Pope Francis takes on global warming with grace and fortitude.  Watching video replays of the Pope’s three appearances mentioned here, one is struck by the combination of humility yet strong conviction with which he confronts global warming.  He speaks in universal, ecumenical terms of the need for all humanity to engage in fruitful dialog to limit further warming.  His position is firmly grounded in the theology of the Old and New Testaments, and on the ethics that flow from these texts.  He starts from the Old Testament blessing on humanity to prosper from our caring development of earth’s natural bounties.  He has repeatedly cautioned that this easily lapses into the unsanctioned exploitation of those resources for short term gain, profit and power.  He further bases his strong emphasis on social justice on the Golden Rule, found in both the Old and New Testaments, to do unto others as we would have them do unto us.  Failure to attend to the needs of the less fortunate clearly violates this Rule.

Other religions also support action on global warming.  A large group of American Jewish rabbis is distributing “A Rabbinic Letter on the Climate Crisis” proclaiming similar principles, and calls to action, as the Pope.  Likewise, an “Islamic Declaration on Global Climate Change” has been issued .  It is a detailed exposition of both the science underlying the global warming crisis and an exposition of the foundations in the Qur’an for preserving the natural world from exploitation, while promoting the welfare of humanity.

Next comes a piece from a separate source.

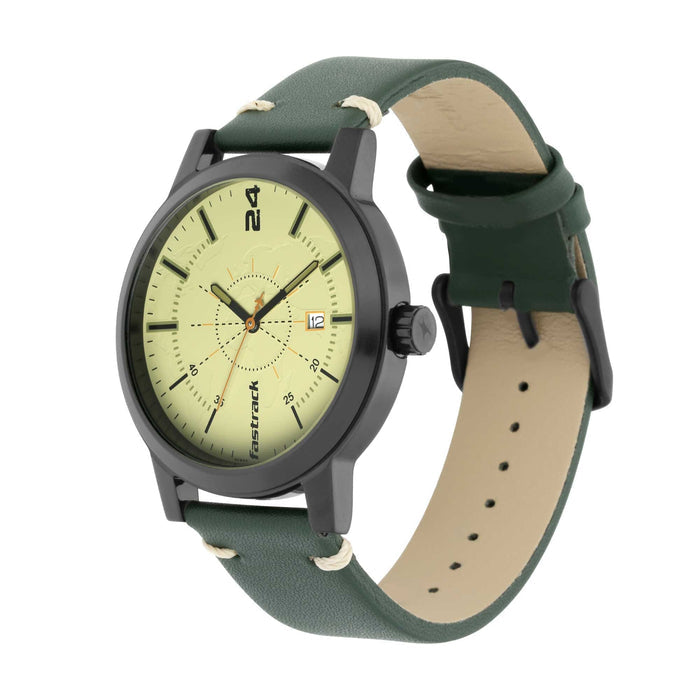Tripster Light Green Dial Leather Strap Watch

There are many reasons to take action to address global warming and its damages.  These include scientific, economic, political and ethical bases for reducing greenhouse gas emissions and adapting to trends already under way.

Pope Francis has brought the moral force of his position as leader of the Roman Catholic Church and, more widely, as a recognized force for justice in the world, to urge all humanity to combat warming.  He is joined in this call to action by leaders of other religions, including Judaism and Islam.

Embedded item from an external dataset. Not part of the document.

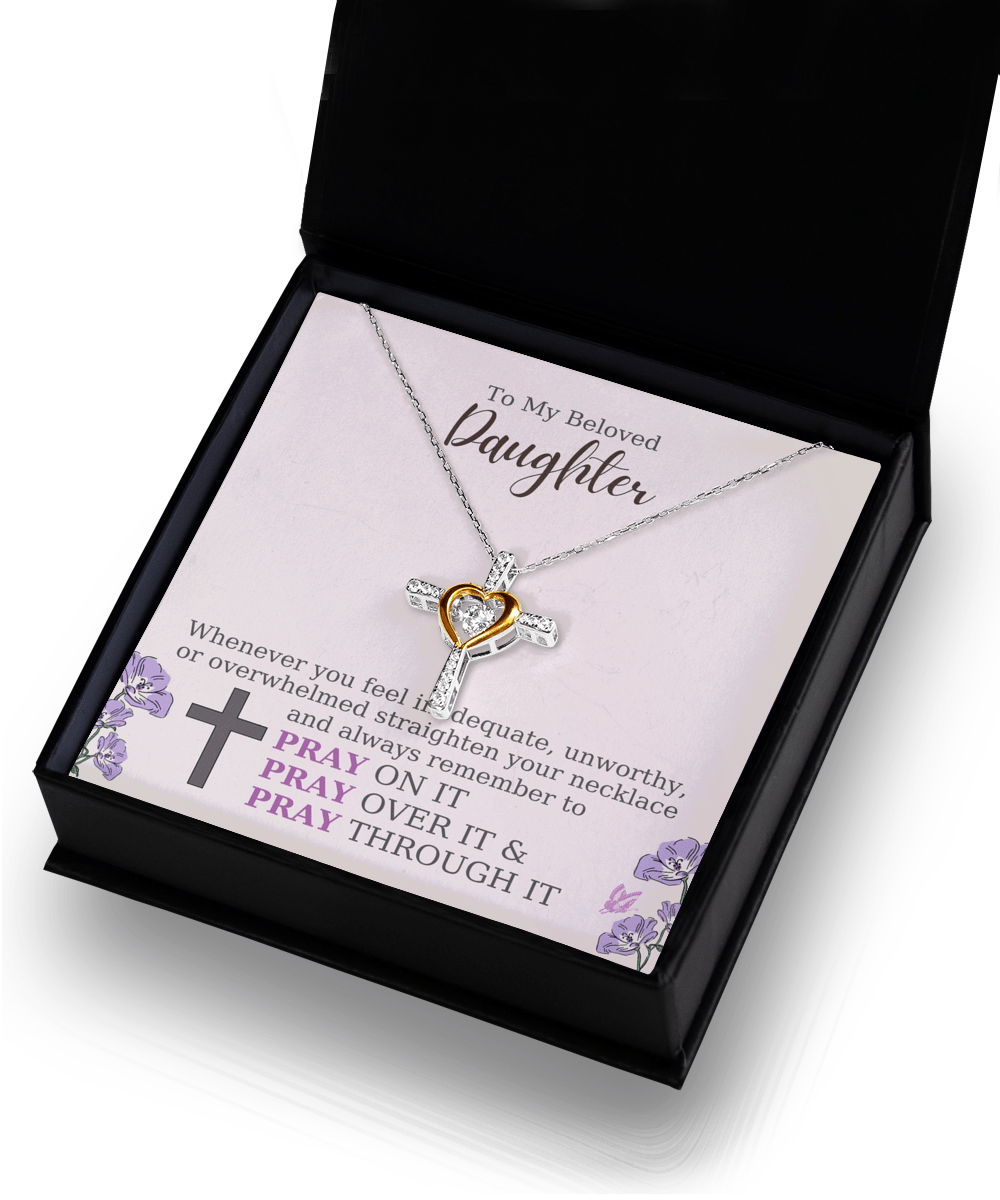 Gift For Daughter - Pray - Cross Dancing Necklace With Message Card Gift For Birthday, Christmas, Special Occasion From Mom, Dad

All the nations of the world must coalesce around this common objective.  We must cast aside past parochial interests that have prevailed to prevent action.  The next climate negotiations, the United Nations Conference of the Parties (i.e., all the members of the U. N.), will be held in two months in Paris.  We need to work at all levels to achieve the needed agreement at this Conference to advance worldwide programs to limit emissions and promote thermal stabilization of our common home.